◆ Records to use
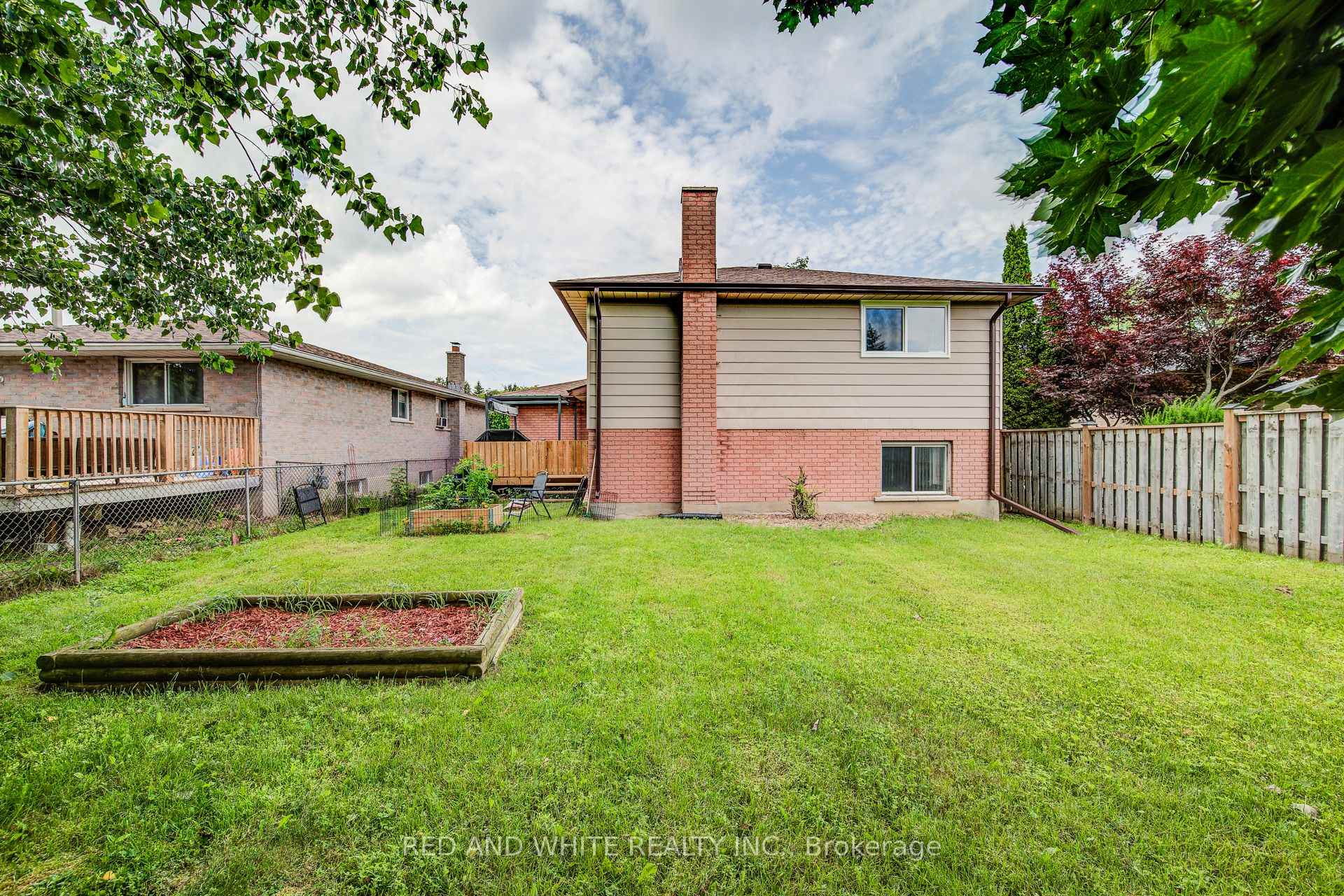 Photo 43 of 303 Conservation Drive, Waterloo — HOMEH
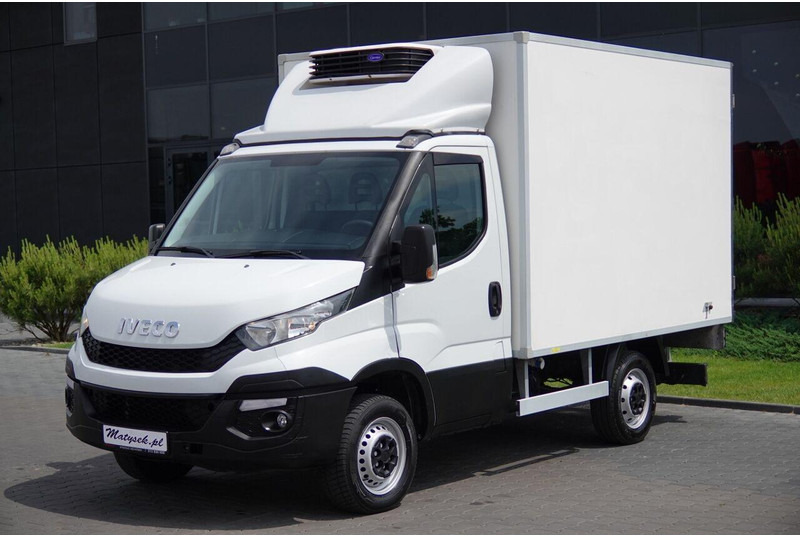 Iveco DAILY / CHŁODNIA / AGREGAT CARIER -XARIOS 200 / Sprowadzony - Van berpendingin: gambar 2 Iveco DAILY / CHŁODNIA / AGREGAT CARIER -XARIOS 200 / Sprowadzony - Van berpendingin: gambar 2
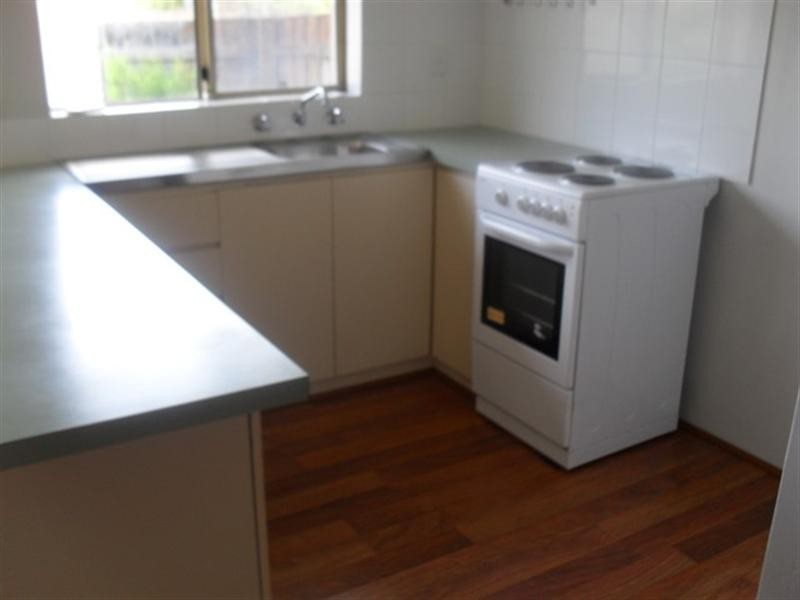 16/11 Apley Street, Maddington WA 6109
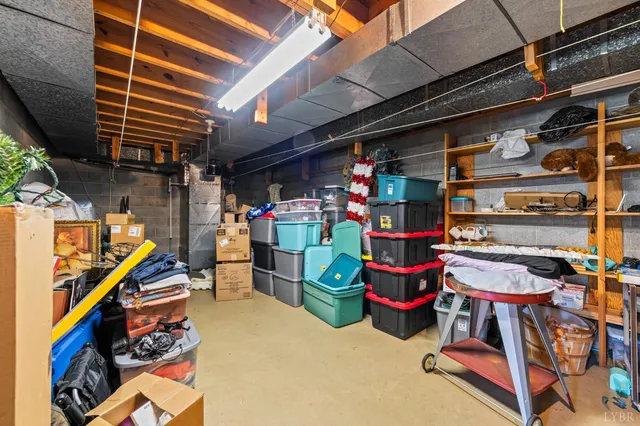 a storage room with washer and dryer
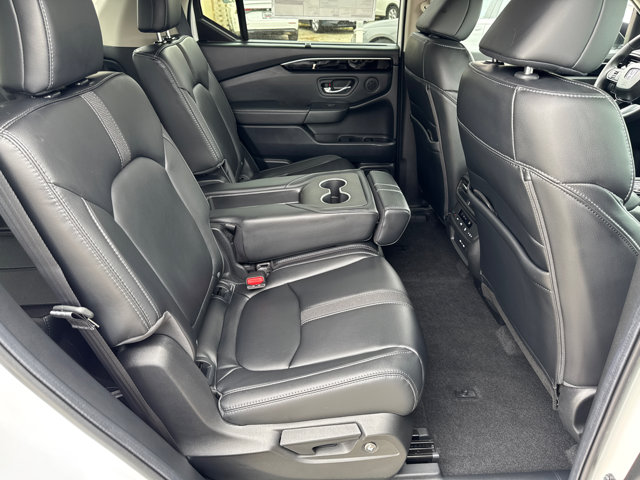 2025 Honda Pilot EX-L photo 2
...
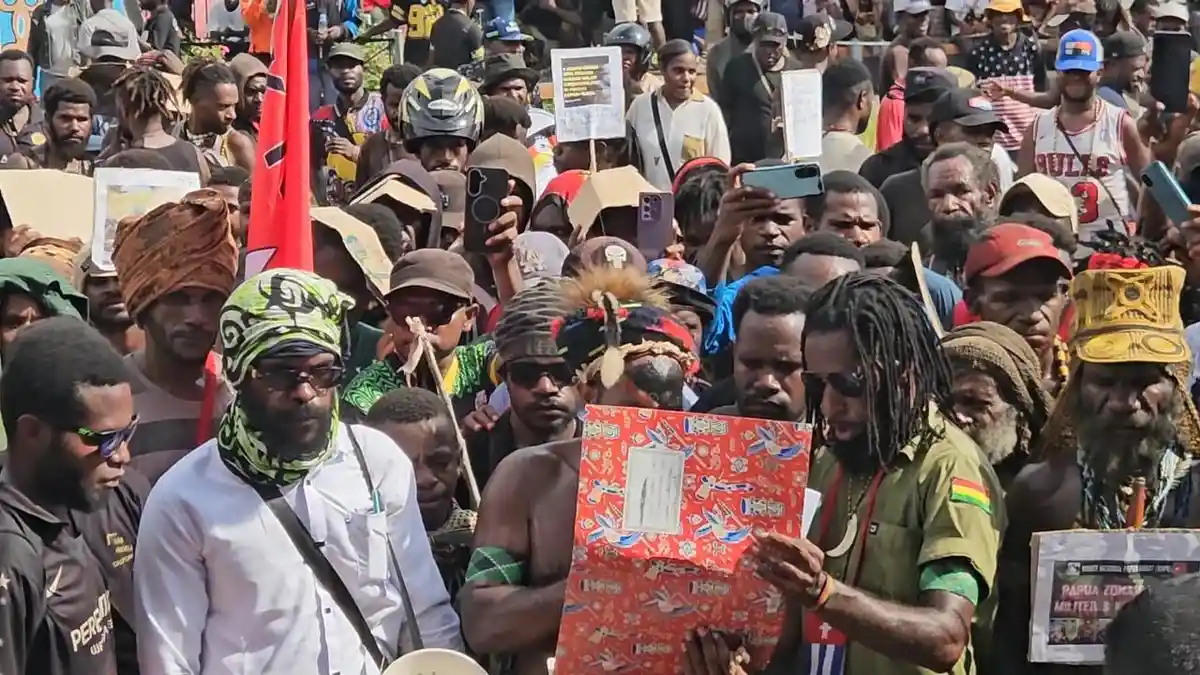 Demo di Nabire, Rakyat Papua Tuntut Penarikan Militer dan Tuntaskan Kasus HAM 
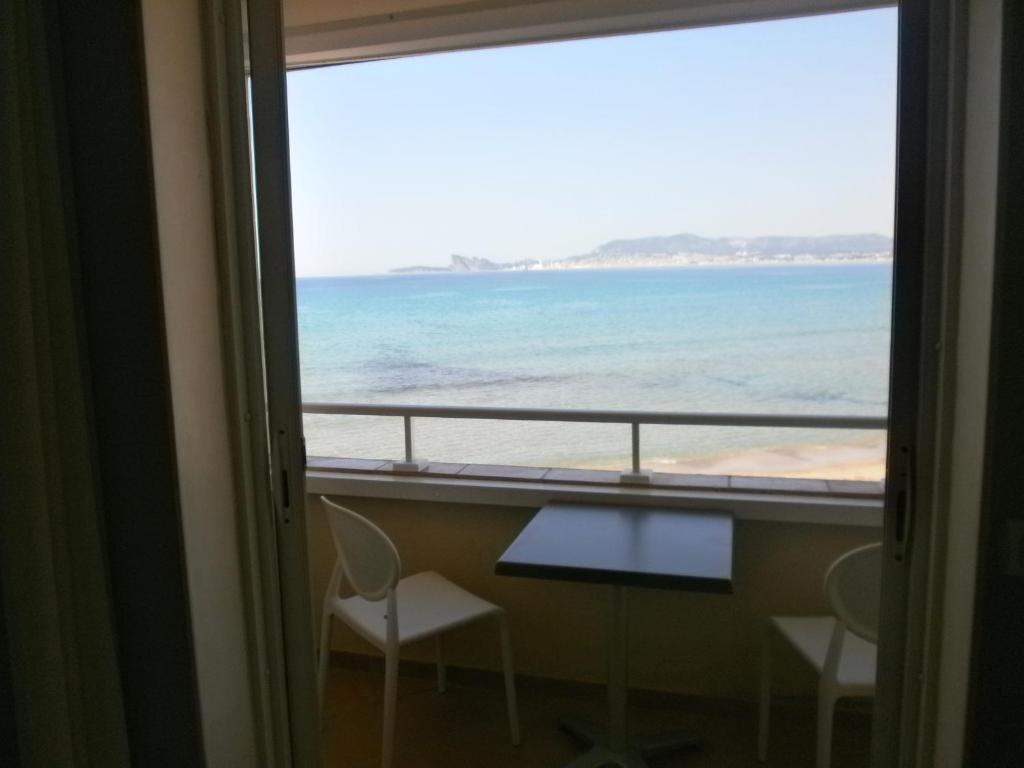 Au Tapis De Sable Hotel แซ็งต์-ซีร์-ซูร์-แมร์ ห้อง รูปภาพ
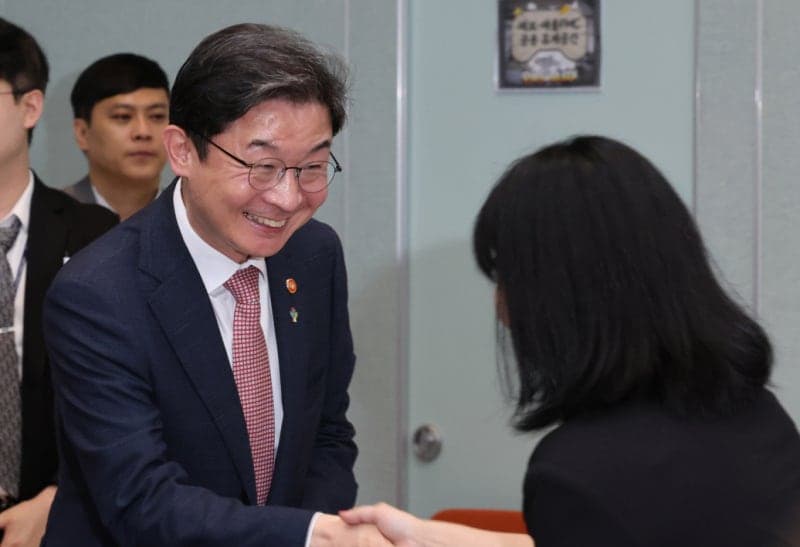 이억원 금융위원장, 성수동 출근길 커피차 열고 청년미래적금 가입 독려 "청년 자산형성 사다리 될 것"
* * *
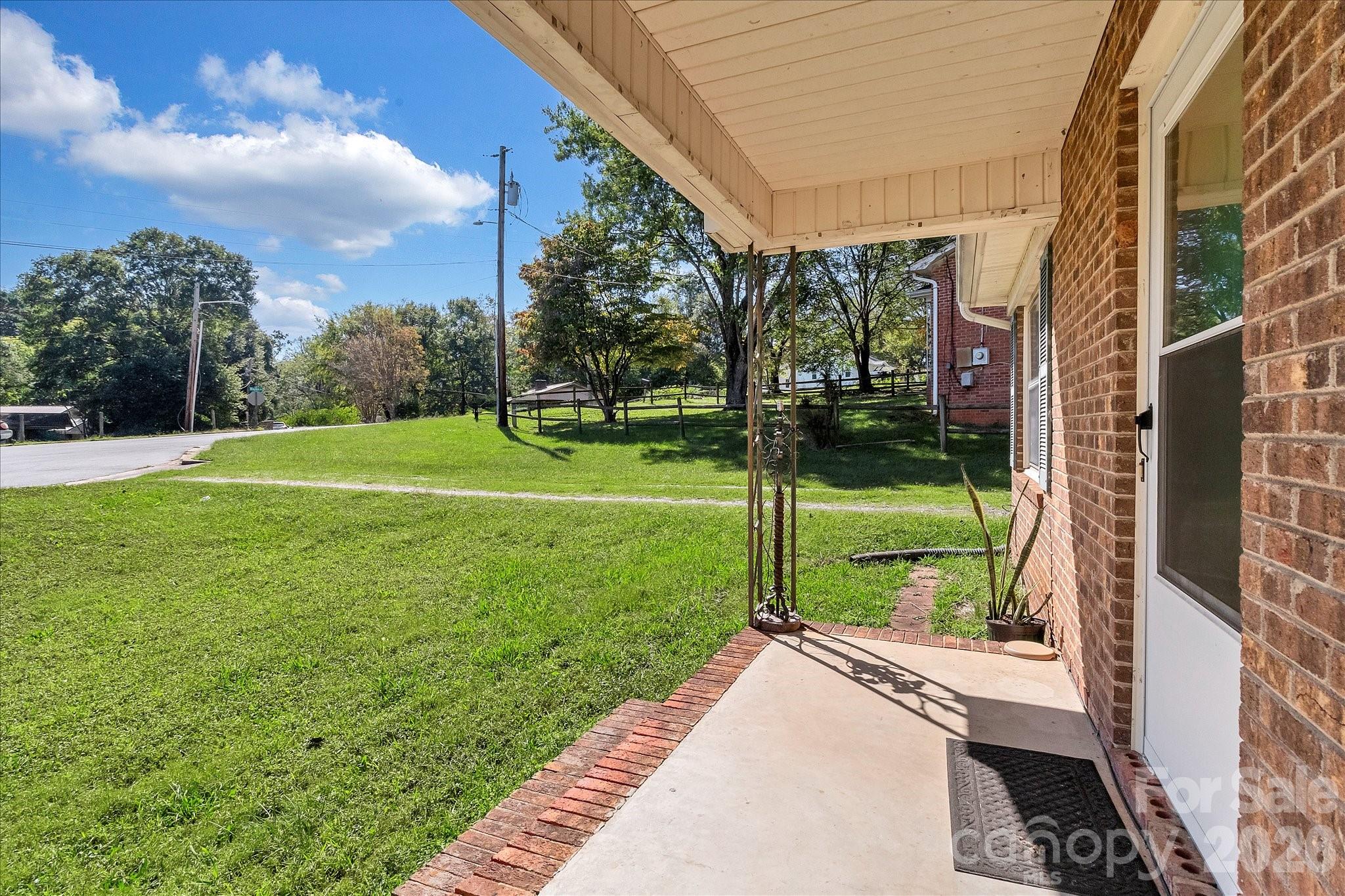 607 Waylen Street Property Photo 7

◆ Exercise
Look back over the records above. Reproduce exactly everything from the line with "gambar 2 Iveco" down to the line with "2025 Honda Pilot EX-L photo 2", inclusive, and leave the pictures out.

◆ Written response
 Iveco DAILY / CHŁODNIA / AGREGAT CARIER -XARIOS 200 / Sprowadzony - Van berpendingin: gambar 2 Iveco DAILY / CHŁODNIA / AGREGAT CARIER -XARIOS 200 / Sprowadzony - Van berpendingin: gambar 2
 16/11 Apley Street, Maddington WA 6109
 a storage room with washer and dryer
 2025 Honda Pilot EX-L photo 2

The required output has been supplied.